Diante disso, ele aponta algumas medidas necessárias para o fortalecimento do tratado no Brasil, que incluem:

  • Abranger novas categorias de refugiados e criar leis para promover sua proteção e integração;
  • incentivar universidades federais a promoverem a revalidação gratuita de diplomas para refugiados em situação de vulnerabilidade;
  • implementar políticas de ação rápida e coordenada para fornecer assistência humanitária básica;
  • desenvolver programas de assistência a longo prazo para apoiar a integração local dos refugiados e garantir seus direitos humanos;
  • promover o engajamento da sociedade civil sobre a temática e fortalecer a cooperação internacional para compartilhar conhecimentos e buscar melhorias;
  • criar mecanismos de escuta da população refugiada para aprimorar práticas públicas;
  • investir em políticas públicas que garantam a proteção integral dos refugiados, desde a acolhida até a geração de renda.


Caminhos para o futuro

Durante a Segunda Consulta Temática do Processo Cartagena+40, realizada em maio, em Brasília, representantes de 18 países da América Latina e do Caribe acordaram as diretrizes do Plano de Ação para o Chile 2024-2034, que guiará os esforços da próxima década na proteção e integração de refugiados, deslocados à força e apátridas.

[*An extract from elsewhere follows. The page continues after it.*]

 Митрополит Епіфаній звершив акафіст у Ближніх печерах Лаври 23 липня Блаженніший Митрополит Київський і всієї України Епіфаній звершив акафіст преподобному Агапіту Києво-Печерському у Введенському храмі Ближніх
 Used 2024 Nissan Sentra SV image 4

O plano promove ações estratégicas como:

  • Políticas de inclusão socioeconômica e promoção da autossuficiência;
  • acesso a serviços públicos e sociais, como saúde e educação;
  • facilitação da documentação e inserção no mercado de trabalho;
  • reforço de vias de admissão legal, como reassentamento, reunificação familiar e vias humanitárias ou educacionais.

Essas ações visam evitar deslocamentos sucessivos, beneficiar comunidades de acolhida e assegurar a proteção de pessoas em mobilidade humana. No entanto, para alcançar resultados efetivos, será essencial o engajamento de autoridades locais, setor privado, agências de desenvolvimento, organizações lideradas por refugiados, sociedade civil e instituições acadêmicas.

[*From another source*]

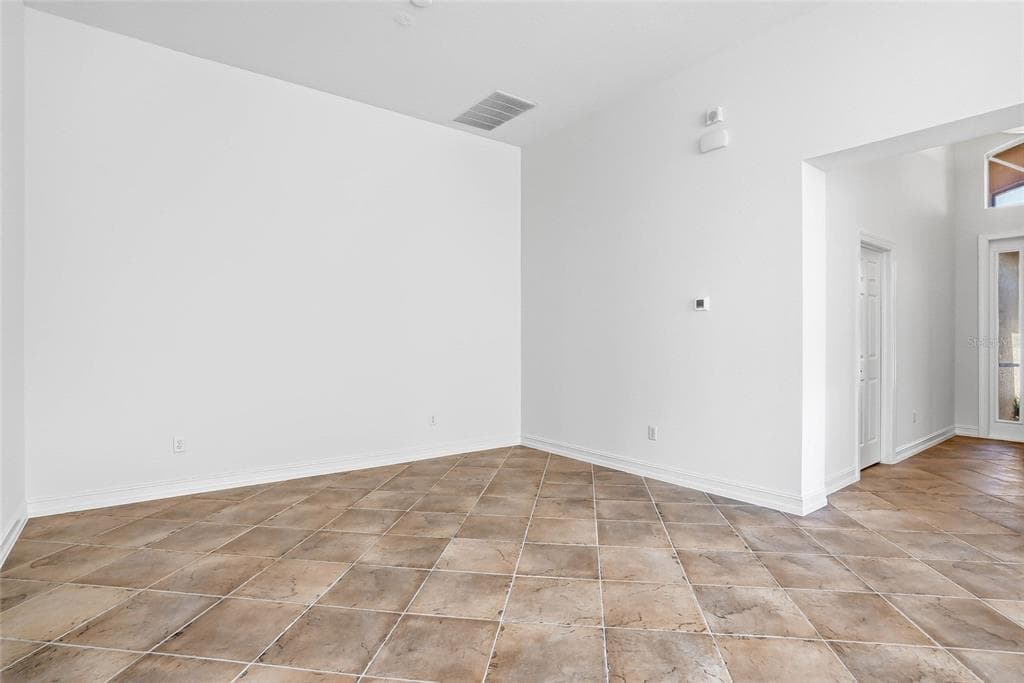 5042 SANDY BROOK CIRCLE photo 20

O Processo Cartagena+40, que marca o 40º aniversário da Declaração de Cartagena, reafirma o papel de liderança da América Latina e do Caribe na proteção de pessoas deslocadas. Em dezembro, durante a reunião em Santiago, Chile, será formalizado o plano estratégico regional, consolidando um esforço coletivo que une solidariedade e compromisso com os direitos humanos.

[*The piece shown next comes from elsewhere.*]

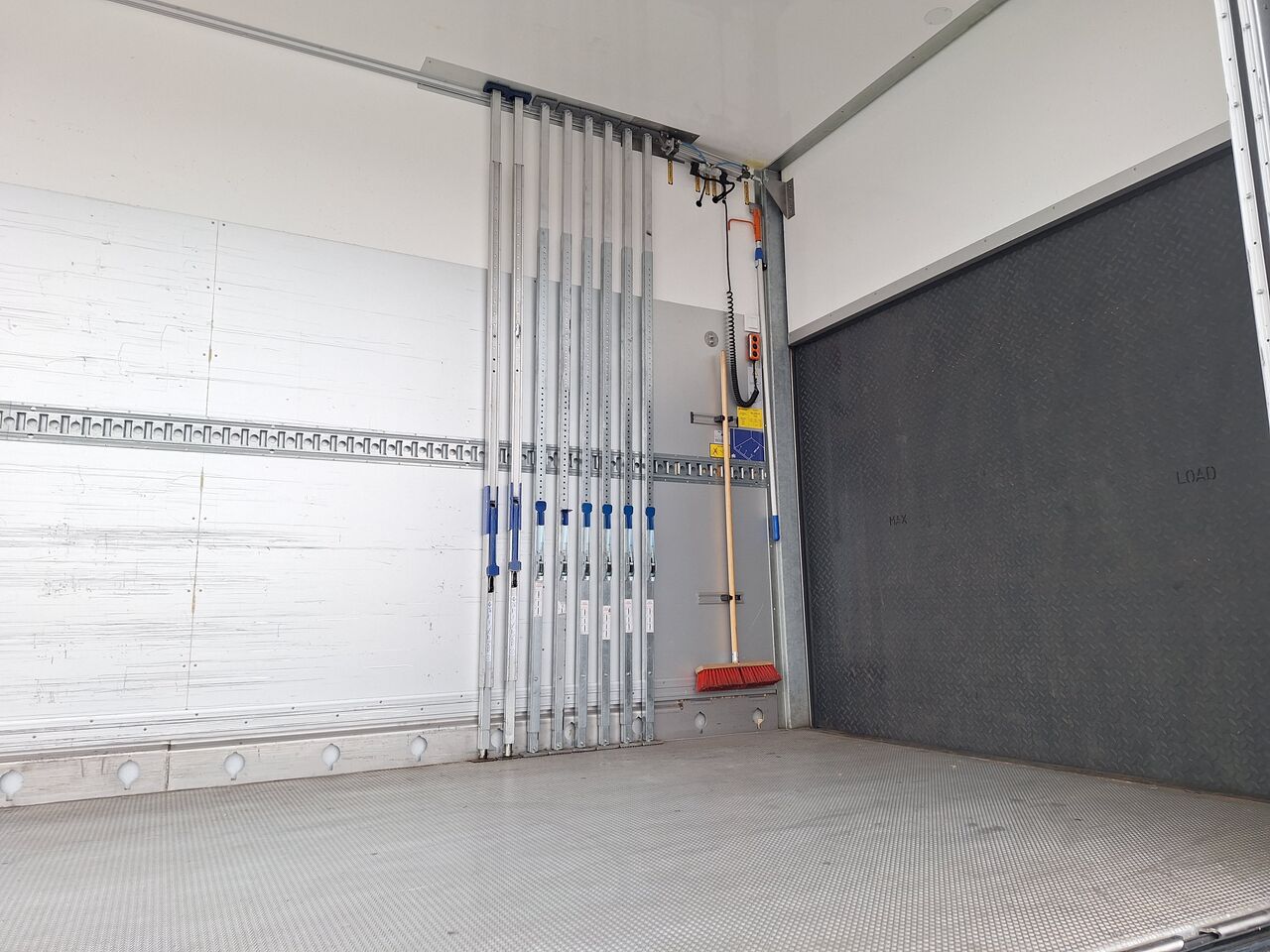 Volvo FH 8x2 Skåpbil 2023 - Skåp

O chefe global de operações do ACNUR, Raouf Mazou, destacou que as políticas inclusivas, como as propostas pelo Processo Cartagena+40, são fundamentais para alcançar estabilidade e desenvolvimento sustentável na região. Segundo ele, “a inclusão socioeconômica e as vias legais de admissão são pré-requisitos para a paz e o desenvolvimento”.